Just as Dar's *Green World* will surely occupy an important place in musical history, the term "green world" already occupies a position of importance in Shakespearean criticism. Many of you will already know the following, but I hope some of you find it to be of interest...

The term "green world" was coined by the literary critic Northrop Frye in his book *A Natural Perspective*. Frye identifies a common arc in Shakespeare's comedies and late romances: a movement from the closed world of law, reality, and convention to a "green world" of nature, imagination, magic, music, and art. Although every play concludes with a return back to the closed world, the characters usually return in some ways "translated" by their experiences in the green world, which helps to inform their (and our) experience of the mundane world.

The green world, of course, is not all sweetness and light. As dreams can also be nightmares, so does the dream-like green world contain an undertone of disorientation and fear. Usually, this takes the form of madness, or what Frye calls "confused identity." (Think, for example, of Illyria -- the green world of *Twelfth Night* -- with its motifs of illusion and delirium.)

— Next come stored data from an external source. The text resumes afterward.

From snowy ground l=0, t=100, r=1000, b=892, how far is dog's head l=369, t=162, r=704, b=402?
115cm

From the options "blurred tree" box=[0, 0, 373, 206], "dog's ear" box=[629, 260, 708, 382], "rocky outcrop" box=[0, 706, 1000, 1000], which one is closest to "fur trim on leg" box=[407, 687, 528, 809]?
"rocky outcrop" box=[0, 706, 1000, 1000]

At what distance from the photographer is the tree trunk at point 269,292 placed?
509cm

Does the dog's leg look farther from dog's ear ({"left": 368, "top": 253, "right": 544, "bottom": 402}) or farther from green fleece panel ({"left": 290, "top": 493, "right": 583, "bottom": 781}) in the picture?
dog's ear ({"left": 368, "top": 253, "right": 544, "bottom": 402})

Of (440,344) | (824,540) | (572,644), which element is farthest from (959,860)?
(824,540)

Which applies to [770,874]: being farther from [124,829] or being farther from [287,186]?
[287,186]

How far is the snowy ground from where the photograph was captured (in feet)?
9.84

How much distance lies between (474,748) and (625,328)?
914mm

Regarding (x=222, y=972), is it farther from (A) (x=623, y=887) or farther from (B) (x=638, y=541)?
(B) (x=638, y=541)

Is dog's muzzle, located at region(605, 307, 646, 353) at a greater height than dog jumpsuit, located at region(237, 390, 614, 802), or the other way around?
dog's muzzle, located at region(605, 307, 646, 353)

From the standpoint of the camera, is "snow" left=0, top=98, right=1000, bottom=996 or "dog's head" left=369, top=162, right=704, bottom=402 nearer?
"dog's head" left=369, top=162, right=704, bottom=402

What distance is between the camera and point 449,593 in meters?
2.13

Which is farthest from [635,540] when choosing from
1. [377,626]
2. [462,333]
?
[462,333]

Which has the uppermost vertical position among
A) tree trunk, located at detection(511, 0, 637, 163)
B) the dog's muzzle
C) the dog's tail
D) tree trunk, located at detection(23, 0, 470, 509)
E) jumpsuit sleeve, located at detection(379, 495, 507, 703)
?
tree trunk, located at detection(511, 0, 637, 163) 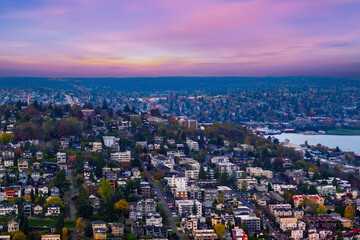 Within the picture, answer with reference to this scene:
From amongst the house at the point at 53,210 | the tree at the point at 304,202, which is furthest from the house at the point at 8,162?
the tree at the point at 304,202

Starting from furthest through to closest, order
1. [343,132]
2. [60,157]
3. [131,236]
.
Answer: [343,132] → [60,157] → [131,236]

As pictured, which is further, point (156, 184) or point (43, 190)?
point (156, 184)

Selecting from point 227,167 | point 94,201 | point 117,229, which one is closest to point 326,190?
point 227,167

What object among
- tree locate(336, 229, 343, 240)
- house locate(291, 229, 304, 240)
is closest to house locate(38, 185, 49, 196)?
house locate(291, 229, 304, 240)

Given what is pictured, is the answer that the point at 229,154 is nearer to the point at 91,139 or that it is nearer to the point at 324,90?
the point at 91,139

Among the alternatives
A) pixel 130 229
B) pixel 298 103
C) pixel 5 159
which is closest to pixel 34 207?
pixel 130 229

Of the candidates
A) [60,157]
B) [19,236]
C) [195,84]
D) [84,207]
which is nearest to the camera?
[19,236]

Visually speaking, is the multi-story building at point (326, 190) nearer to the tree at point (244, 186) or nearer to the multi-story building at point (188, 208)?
the tree at point (244, 186)

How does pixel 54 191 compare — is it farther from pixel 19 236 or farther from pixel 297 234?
pixel 297 234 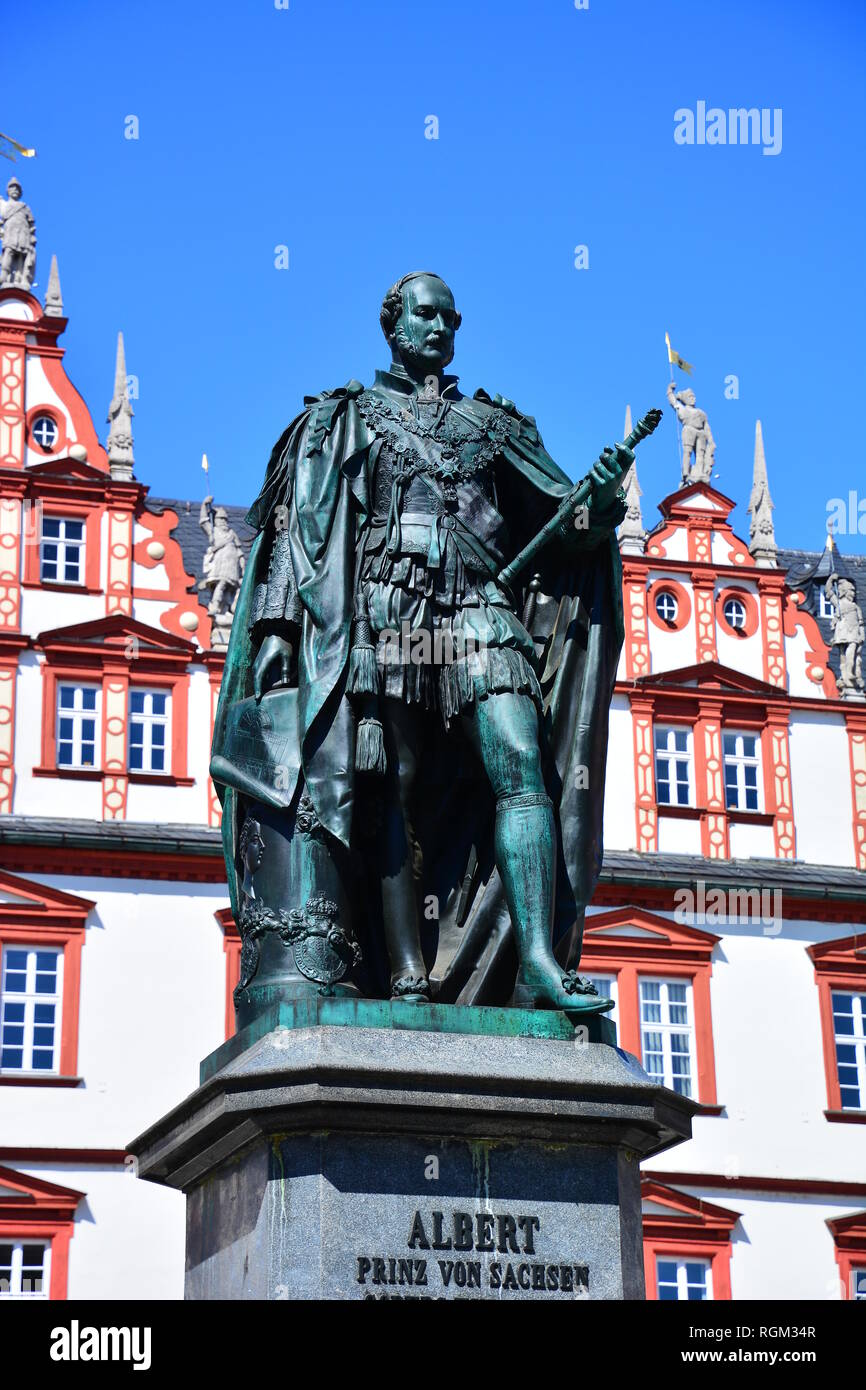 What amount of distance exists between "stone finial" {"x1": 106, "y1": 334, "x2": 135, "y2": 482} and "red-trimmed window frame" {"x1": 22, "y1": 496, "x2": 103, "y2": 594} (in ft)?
2.02

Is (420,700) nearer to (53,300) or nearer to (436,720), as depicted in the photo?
(436,720)

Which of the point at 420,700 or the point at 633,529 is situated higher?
the point at 633,529

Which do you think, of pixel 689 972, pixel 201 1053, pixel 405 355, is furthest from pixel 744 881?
pixel 405 355

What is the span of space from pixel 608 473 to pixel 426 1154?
2316 millimetres

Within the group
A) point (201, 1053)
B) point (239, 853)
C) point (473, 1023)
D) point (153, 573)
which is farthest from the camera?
point (153, 573)

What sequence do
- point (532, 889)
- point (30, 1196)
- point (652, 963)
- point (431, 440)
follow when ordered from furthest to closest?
point (652, 963)
point (30, 1196)
point (431, 440)
point (532, 889)

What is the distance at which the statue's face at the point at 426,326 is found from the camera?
29.4 ft

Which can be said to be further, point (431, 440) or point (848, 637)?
point (848, 637)

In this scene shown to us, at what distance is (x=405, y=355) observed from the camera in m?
9.00

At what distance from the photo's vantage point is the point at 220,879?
3025 centimetres

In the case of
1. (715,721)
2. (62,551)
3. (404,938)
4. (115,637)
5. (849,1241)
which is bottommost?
(404,938)

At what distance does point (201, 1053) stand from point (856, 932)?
8509 millimetres

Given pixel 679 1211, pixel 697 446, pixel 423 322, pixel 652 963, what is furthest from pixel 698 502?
pixel 423 322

Yet above all, the green world is a place of healing. It is a world, Frye says, "where art and nature are one," and this dissolution of rigidly defined contrarities makes possible the "concord of the discord" one encounters in the final act of *A Midsummer Night's Dream* -- its "tedious
brief scenes" of "tragical mirth." (This play also exemplifies most clearly the movement from Athens' patriarchal walls to the moon-lit dream-world of the forest.)

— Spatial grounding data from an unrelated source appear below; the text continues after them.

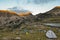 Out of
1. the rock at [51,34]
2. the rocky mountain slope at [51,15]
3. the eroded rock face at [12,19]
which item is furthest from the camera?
the rocky mountain slope at [51,15]

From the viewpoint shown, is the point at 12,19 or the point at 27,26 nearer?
the point at 27,26

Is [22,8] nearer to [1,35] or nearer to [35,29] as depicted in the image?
[35,29]

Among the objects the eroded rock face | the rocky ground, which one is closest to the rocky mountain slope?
the rocky ground

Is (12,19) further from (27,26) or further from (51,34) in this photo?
(51,34)

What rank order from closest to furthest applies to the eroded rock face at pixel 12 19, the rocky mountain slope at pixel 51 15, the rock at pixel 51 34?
the rock at pixel 51 34
the eroded rock face at pixel 12 19
the rocky mountain slope at pixel 51 15

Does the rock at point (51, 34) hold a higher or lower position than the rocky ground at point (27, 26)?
lower

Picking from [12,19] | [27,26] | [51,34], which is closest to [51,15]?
[27,26]

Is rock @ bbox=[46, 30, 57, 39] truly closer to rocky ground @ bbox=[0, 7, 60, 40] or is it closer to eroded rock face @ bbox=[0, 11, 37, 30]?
rocky ground @ bbox=[0, 7, 60, 40]

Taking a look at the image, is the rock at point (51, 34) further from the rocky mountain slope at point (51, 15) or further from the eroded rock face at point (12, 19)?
the rocky mountain slope at point (51, 15)

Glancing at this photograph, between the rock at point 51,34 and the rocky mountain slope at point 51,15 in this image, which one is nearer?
the rock at point 51,34

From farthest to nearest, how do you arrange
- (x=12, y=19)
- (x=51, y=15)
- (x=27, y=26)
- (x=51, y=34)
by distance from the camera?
(x=51, y=15) → (x=12, y=19) → (x=27, y=26) → (x=51, y=34)

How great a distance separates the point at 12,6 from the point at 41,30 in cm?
156

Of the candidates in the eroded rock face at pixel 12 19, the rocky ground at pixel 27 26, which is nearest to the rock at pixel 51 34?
the rocky ground at pixel 27 26

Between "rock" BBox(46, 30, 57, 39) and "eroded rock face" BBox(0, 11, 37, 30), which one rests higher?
"eroded rock face" BBox(0, 11, 37, 30) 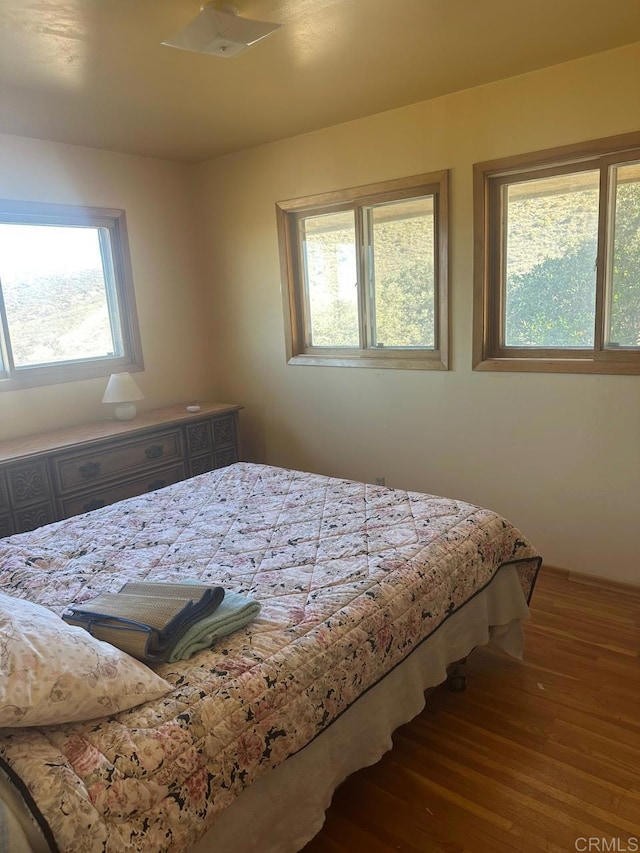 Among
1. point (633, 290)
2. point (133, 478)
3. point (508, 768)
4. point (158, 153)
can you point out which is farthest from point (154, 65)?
point (508, 768)

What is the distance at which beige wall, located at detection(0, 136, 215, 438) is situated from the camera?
3.41 m

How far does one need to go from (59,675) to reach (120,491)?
2282 mm

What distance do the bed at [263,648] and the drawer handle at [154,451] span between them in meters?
0.80

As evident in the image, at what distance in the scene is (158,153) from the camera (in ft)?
12.8

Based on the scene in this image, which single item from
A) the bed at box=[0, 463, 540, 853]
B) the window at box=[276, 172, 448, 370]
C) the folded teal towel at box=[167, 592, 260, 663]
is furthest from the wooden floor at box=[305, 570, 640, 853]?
the window at box=[276, 172, 448, 370]

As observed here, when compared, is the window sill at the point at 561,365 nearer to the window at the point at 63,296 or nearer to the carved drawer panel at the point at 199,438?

One final note: though Frye was the first to use "green world" in its Shakespearean sense, the term is actually borrowed from Keats's poem "Endymion." It is an interesting appropriation; for the concept most similar to Frye's "green world" occurs also in Keats, and also as a commentary on Shakespeare. This is the notion of "negative capability," what Keats also calls "being in uncertainties." It is the ability possessed by an artist, reader, or other traveller to negate (hence "negative") the conventional world of fact and reason, in favor of an enraptured experience of the
unknown. Such an experience can be scary, and so it requires us to have confidence and find trust in ourselves; we must learn to be "content with half knowledge." Yet, for Keats, this negatively capable green-world is the ultimate source of imagination, wonder, and beauty.

I hope at least a couple of you have read down this far. I think it will be interesting to see how -- and if -- these ideas find fruition on Dar's new album.